Mapper Runtime Options

Runtime options for Mapper objects allow the programmer to use constant values provided at runtime in the Mapper output.

For example, runtime options can be useful in the following cases:

  • storing one date/time value for all output hashes of the Mapper
  • using a value from a database sequence value for the lifetime of the Mapper object
Example:
hash mapv = (
"foo": ("constant": "bar"),
# ...
"date_begin": ("runtime": "start_date"), # references runtime option "start_date"
"group": ("runtime": "group_id"), # references runtime option "group_id"
);
hash opts = (
"timezone": "Europe/Prague",
# ...
"runtime": (
"start_date": now_us(), # set runtime option "start_date"
"group_id": 0, # set runtime option "group_id" to 0
),
);
Mapper m(mapv, opts); # runtime options are active now
m.mapData(input1); # output record hash date_begin = start_date = timestamp of the opts creation and group = 0

The runtime options are basically the same as setting constants in the mapper before providing runtime data to the mapper. As such, the runtime options can be changed only before the first input hash is processed by a Mapper.

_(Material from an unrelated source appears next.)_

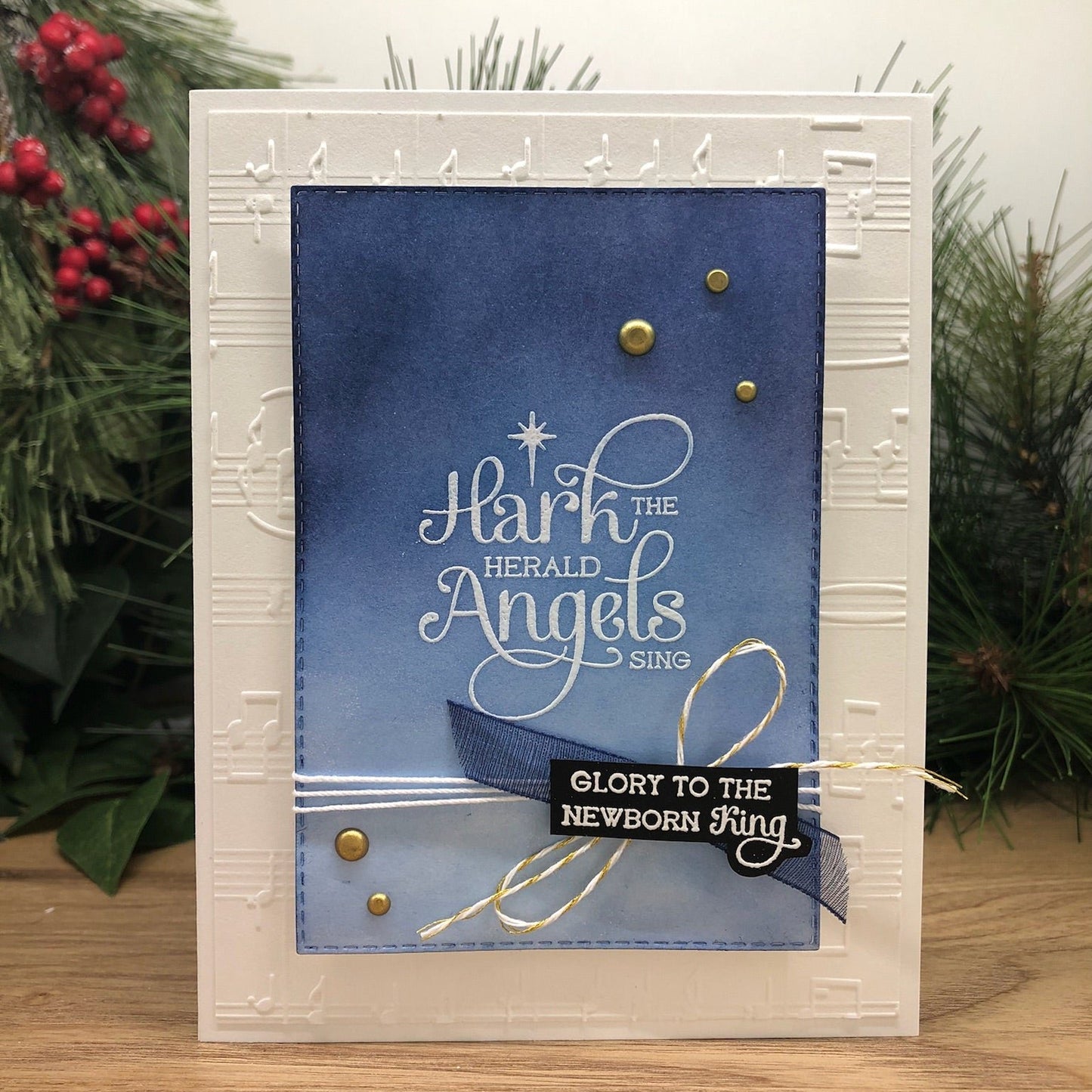 Hark the Herald Handmade Christmas Card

Note that the Mapper::setRuntime() and Mapper::replaceRuntime() methods are deprecated - please use Mapper construction options to set runtime values instead. The methods are deprecated since runtime options duplicate existing functionality and are confusing and error-prone to use.

Release Notes

Mapper v1.4

  • added support for complex types

Mapper v1.3.1

  • fixed bugs handling mapper fields with no input records in list mode as passed from the TableMapper module (issue 1736)

Mapper v1.3

  • internal updates to allow for TableMapper insert performance improvements (issue 1626)

Mapper v1.2

  • significantly improved mapper performance with identity (i.e. 1:1) and constant mappings (issue 1620)

Mapper v1.1

  • implemented "constant" field tag giving a constant value for the output of a field
  • implemented structured output for dotted output field names and the "allow_output_dot" option to suppress this behavior
  • implemented "default" field tag giving a default value if no input value is specified
  • moved field length checks after all transformations have been applied
  • implemented a global "date_format" mapper option
  • implemented the "number_format" field option and a global option of the same name
  • fixed bugs in the "timezone" and "input_timezone" options, documented those options
  • changed the behavior of the "number" field type: now leaves numeric values in their original type, converts all other types to a number
  • removed the deprecated "crec" option
  • implemented the "input" option with input record validation
  • implemented the "output" option with output record validation
  • implemented the "info_log" option and removed the "trunc" option
  • added runtime option handling (Mapper Runtime Options):
  • implemented "index" field tag for current row index
  • improved the Mapper::Mapper::mapAll() method by adding support for hashes of lists to better support input from bulk DML (SQLStatement::fetchColumns())

Mapper v1.0

  • Initial release